Exercise goal
Your task is to copy the listing exactly. Drop any pictures from the copy.

Data extract
══════════════════════════════

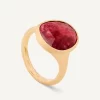 Lunaria 18k Yellow Gold Ring With Thulite 1130205194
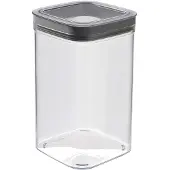 Curver pojemnik na sypkie dry cube 1,8l /transparentny/ciemnyszary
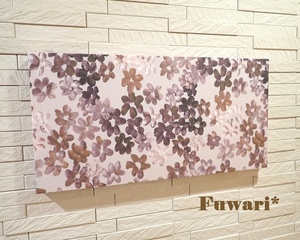 [45×22cm] light weight fabric panel _full bloom( gray ju) P5-10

══════════════════════════════

Result for this task
 Lunaria 18k Yellow Gold Ring With Thulite 1130205194
 Curver pojemnik na sypkie dry cube 1,8l /transparentny/ciemnyszary
 [45×22cm] light weight fabric panel _full bloom( gray ju) P5-10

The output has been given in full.